=== Material provided ===
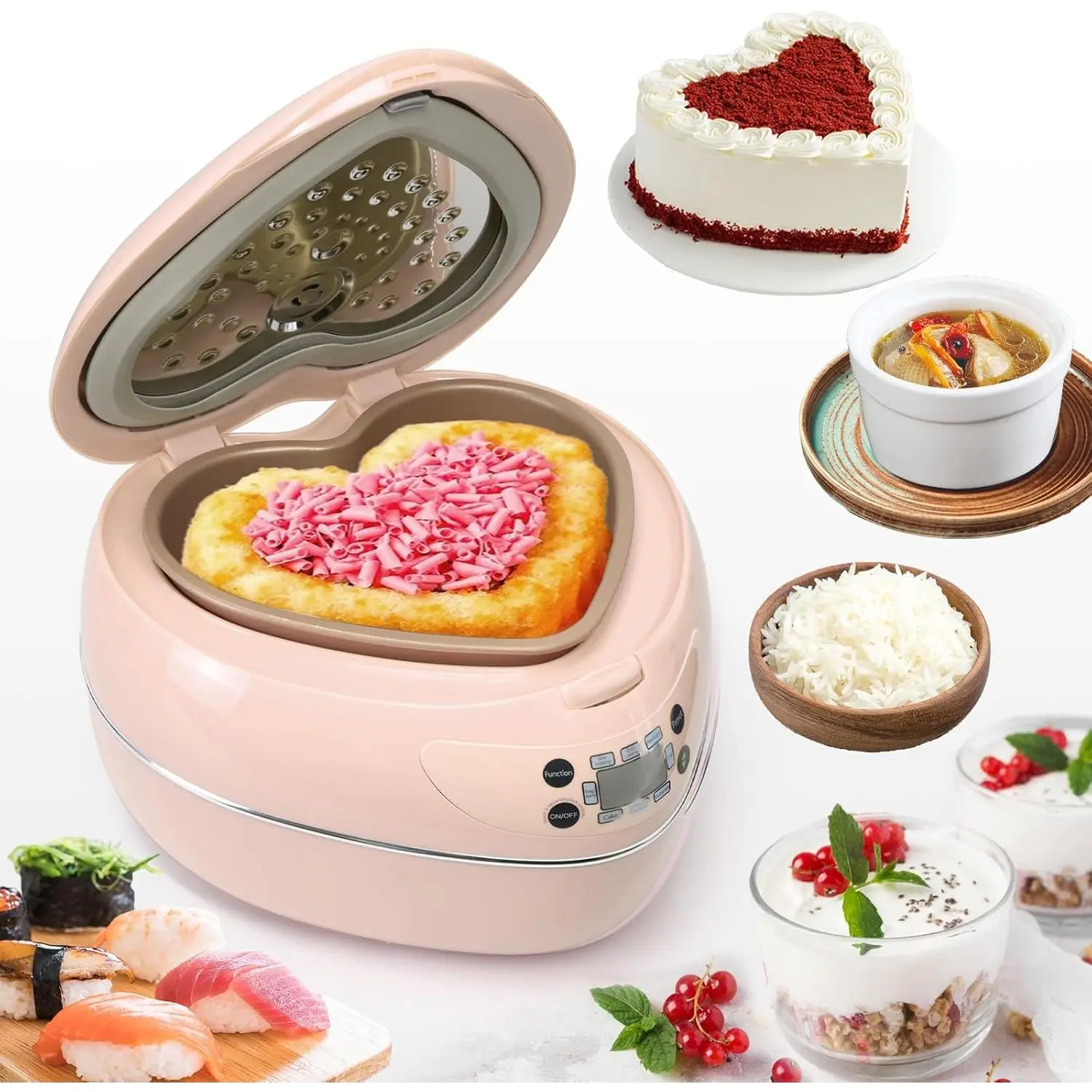 Peach Heart Shape Rice Cooker 8 Cup Cooked, 4 Cup Uncooked Rice, Multifunctional Pink Rice Cooker, 300w, with Preset Timer, 1.8L (Light Pink)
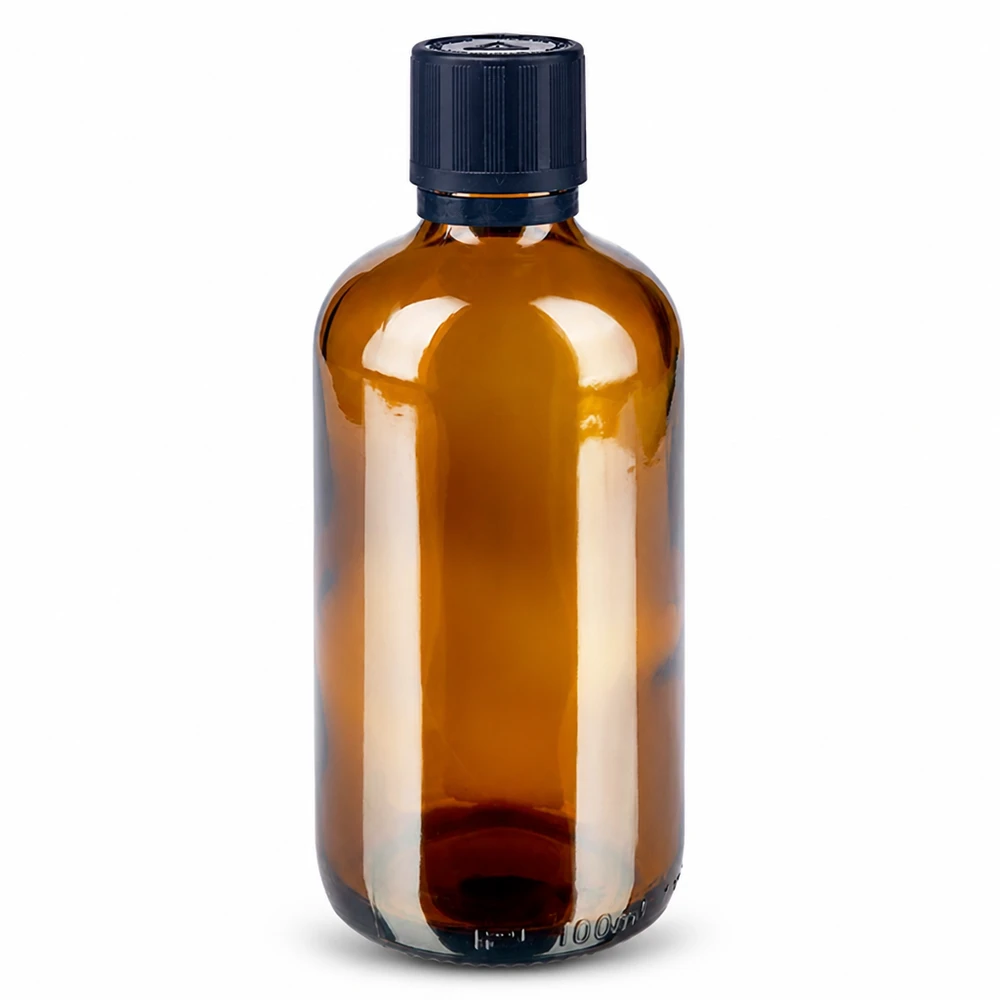 100 ml:n ruskealasi pullo, jossa on musta tippakorkki ja lapsiturvallinen suljin, apteekkitarvikkeisiin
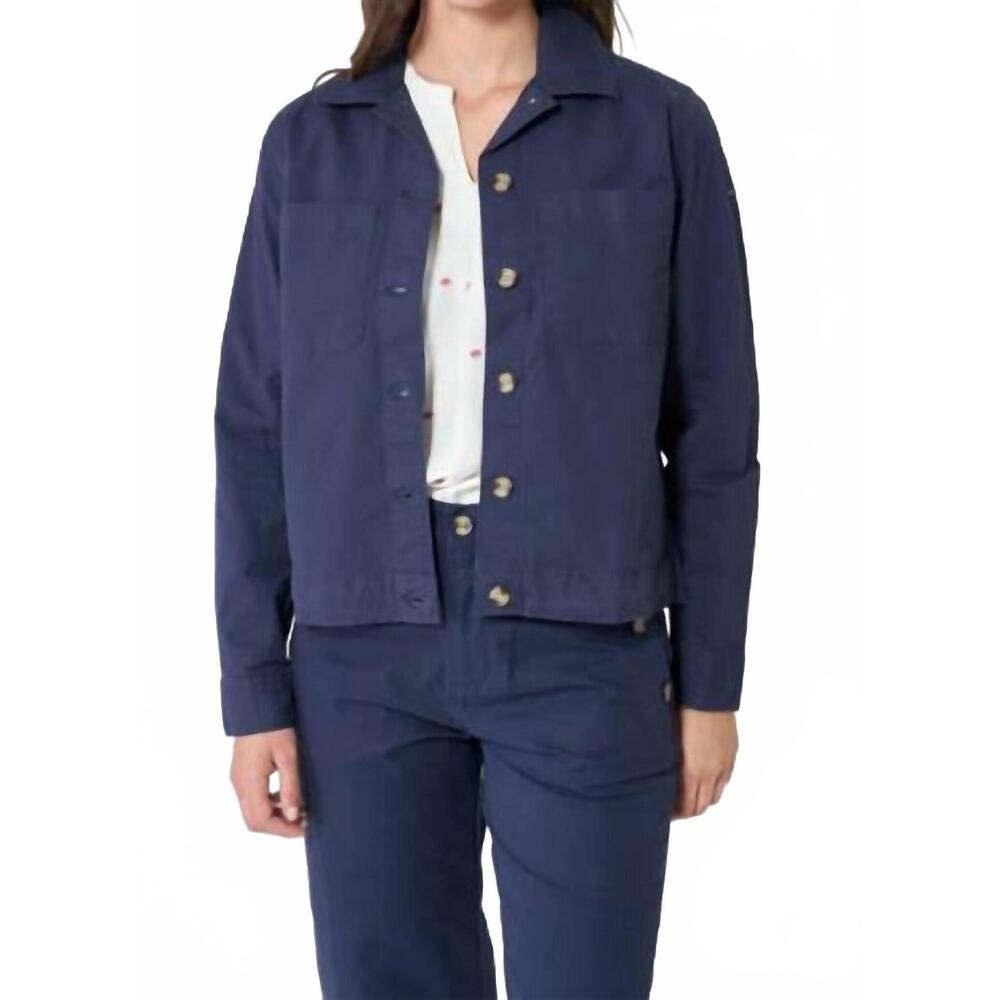 NEW BATELA button down twill jacket in navy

=== Work required ===
Exclude the images and reproduce the remaining data exactly.

=== Output of the exercise ===
 Peach Heart Shape Rice Cooker 8 Cup Cooked, 4 Cup Uncooked Rice, Multifunctional Pink Rice Cooker, 300w, with Preset Timer, 1.8L (Light Pink)
 100 ml:n ruskealasi pullo, jossa on musta tippakorkki ja lapsiturvallinen suljin, apteekkitarvikkeisiin
 NEW BATELA button down twill jacket in navy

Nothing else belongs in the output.